Price of Steel Could Jump Under Proposed Tariffs
US seeks anti-dumping duties against steel from 19 nations
SIX months ago the price of leaded hot-rolled bar was $500 a ton. Although demand for this steel, used in the auto industry, is far from robust, the price today is closer to $600.
The reason for the price rise: The Commerce Department declared foreign producers were dumping the steel, a practice of selling a product abroad at prices lower than fair value. The ruling allowed domestic producers to raise prices because of new tariffs on imported steel.
On Wednesday, the Commerce Department made a preliminary decision that steel mills in 19 countries were dumping other more-common types of steel: flat-rolled products that are mainly used in the cars and appliances. As a result of the finding, the agency proposed tacking on duties as high as 109 percent.
Last Friday, both LTV Corporation and US Steel raised prices on flat-rolled products by $20 a ton or 3 to 5 percent, effective April 4. The price hike, which analysts expect to hold, came despite the fact the industry is operating at 80 percent of capacity.
"There could be some panic by the service centers [wholesale buyers of steel], and end users could be concerned that a shortage could develop," says Fred Lamesch, president of Trade Arbed, a Luxembourg steel company. "If they all try to buy enough to cover themselves, the domestic mills could get booked out and prices could go through the roof."
Although the decision stems from Bush administration policies, it is being treated abroad as a Clinton administration decision. Hence the ruling is likely to push trade policy closer to President Clinton's front burner. The European Community called the action "unwarranted and wholly disproportionate" and said it would seek urgent consultations with the United States at the General Agreement on Tariffs and Trade organization in Geneva.
The duties hit some countries harder than others. Most steel products from Belgium and Canada received small tariff increases. But Japanese, Brazilian, Mexican, Spanish, British, and French steel products were assessed large duties. Nippon Steel, for example, will have a 27-percent duty added to its corrosion-resistant steel, while the British Steel Corporation will have a 109- percent tariff added to its plate steel exports.
"The tariffs will virtually eliminate a lot of producers from the US market," says Mr. Lamesch, who estimates any duty above 10 percent will prevent a company from competing in the US.

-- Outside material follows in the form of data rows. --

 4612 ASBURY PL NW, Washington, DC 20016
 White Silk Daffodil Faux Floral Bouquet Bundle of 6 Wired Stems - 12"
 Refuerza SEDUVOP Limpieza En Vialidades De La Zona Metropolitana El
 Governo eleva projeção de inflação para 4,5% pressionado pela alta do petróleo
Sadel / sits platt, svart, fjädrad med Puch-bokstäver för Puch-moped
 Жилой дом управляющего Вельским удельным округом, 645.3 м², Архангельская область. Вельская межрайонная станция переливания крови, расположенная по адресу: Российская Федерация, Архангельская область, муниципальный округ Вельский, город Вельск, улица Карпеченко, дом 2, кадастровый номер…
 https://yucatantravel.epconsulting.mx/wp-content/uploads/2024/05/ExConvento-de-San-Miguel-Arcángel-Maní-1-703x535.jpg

The decision comes at a time when foreign steel imports are shrinking. Last March, foreign steel was 20 percent of the US market. Foreign companies had a voluntary restraint agreement (VRA) to maintain their exports at that level. But negotiations for a new accord broke down. Since then the foreign share of the market has shrunk to 17 percent.

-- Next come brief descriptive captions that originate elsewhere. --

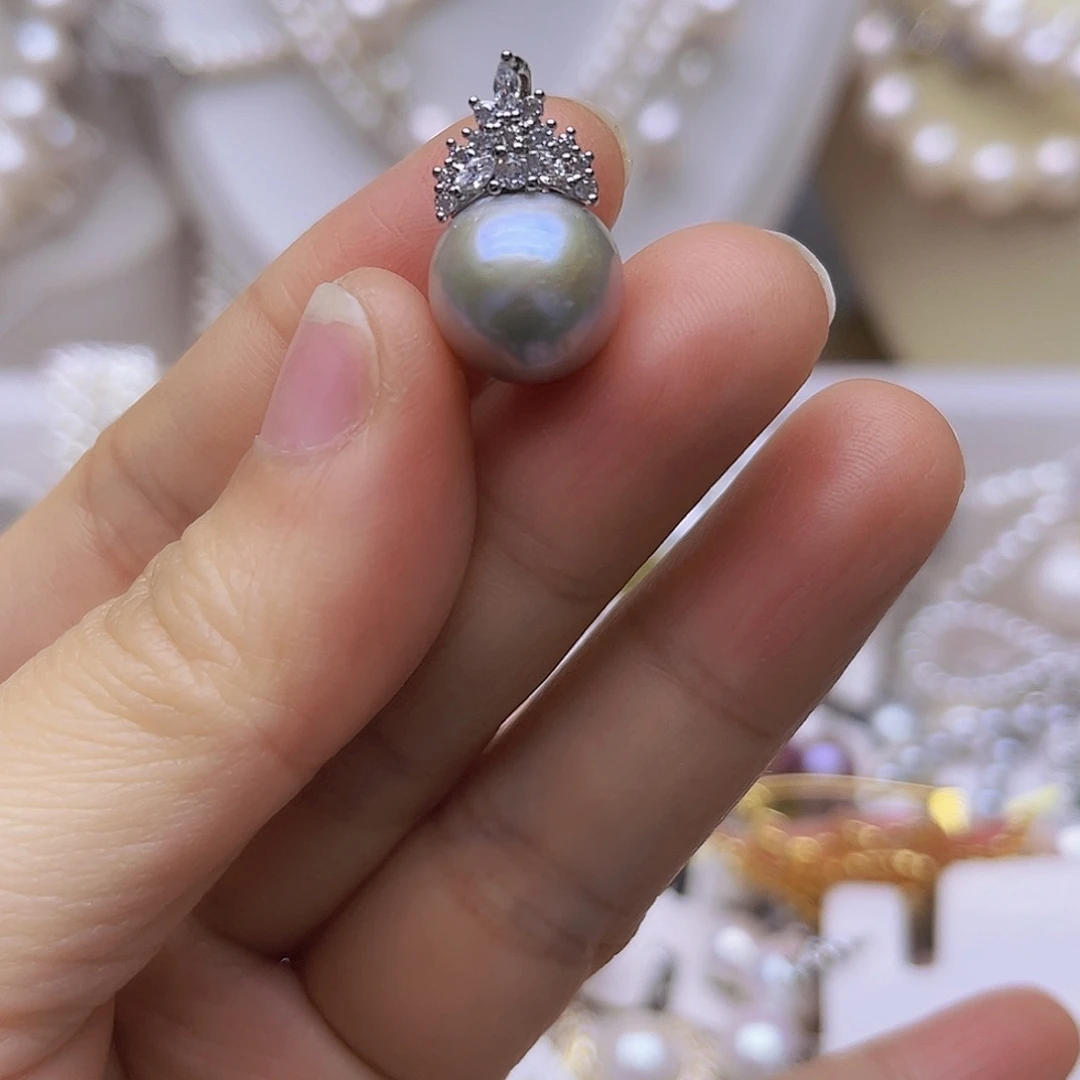 吊坠或者耳钉淡水珍珠未镶嵌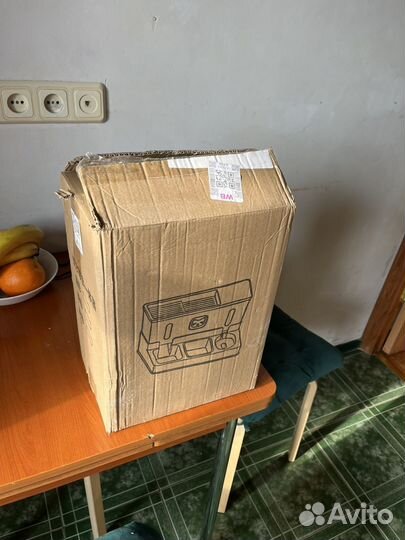 Автокормушка и поилка доя кошек и собак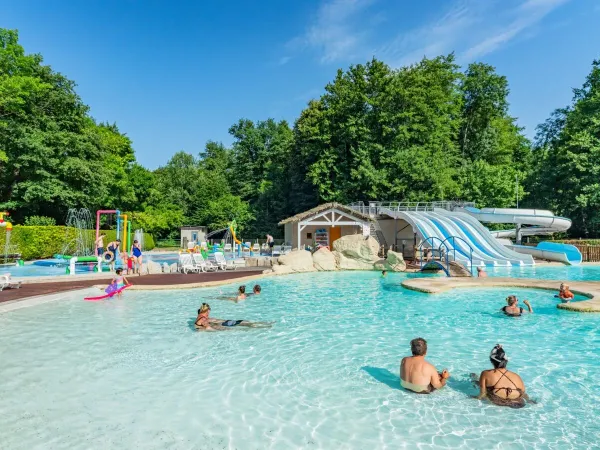Overzicht zwembad van Roan camping de Bonnal.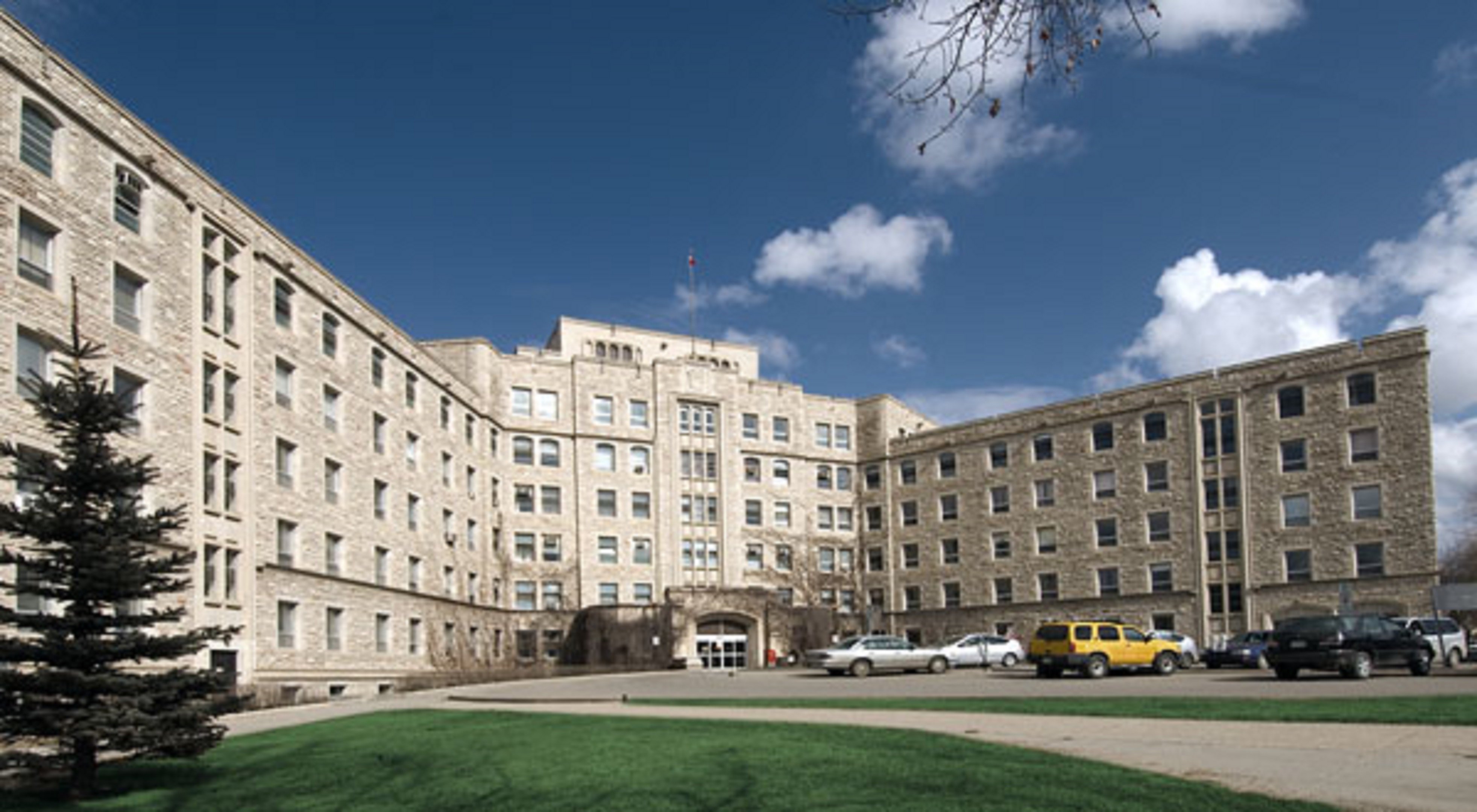 Holiday Inn Express Suites Saskatoon East University 69/78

John Griffin, the president of the American Institute for International Steel Inc. (AIIS), a lobbying group, said the Commerce finding is based on "distorted exchange rates." He says the German mark had fallen enough to reduce dumping margins by about 12 percent. Yet the dumping duty on some German steel was as high as 29 percent.
The Commerce decision may push the industry back into negotiations over new VRAs. Erwin Klein, a director of the AIIS, expects the talks to resume in February or March. The US industry may be forced into the negotiations to avoid retaliation by foreign countries.
Both Canadian and Mexican steel producers have filed dumping charges in their own countries against US steel.
The Clinton administration appears to support the finding. Commerce Secretary Ron Brown, in a statement issued with the ruling, said. "The administration fully supports the rights of the domestic industry to obtain relief from unfair trade practices under US laws and will make sure that these laws are enforced in a fair and effective manner."
The decision may result in some strange dislocations. USX Corporation, the parent of US Steel, buys hot-rolled steel products from Posco, a South Korean manufacturer, to supply a California rolling mill that is a joint venture with USX. On Wednesday, the Commerce Department added a 30-percent tariff to Posco's hot-rolled steel. If the tariff sticks, USX may have to ship in steel from other US suppliers, adding to costs. US Steel was one of 11 domestic producers that filed the dumping suit.
The Commerce Department will make a final decision on six of the countries on April 12 and then will finish its process by mid-June. If the final determination agrees with the preliminary finding, the International Trade Commission has 45 days to decide if the imports have materially injured the US industry.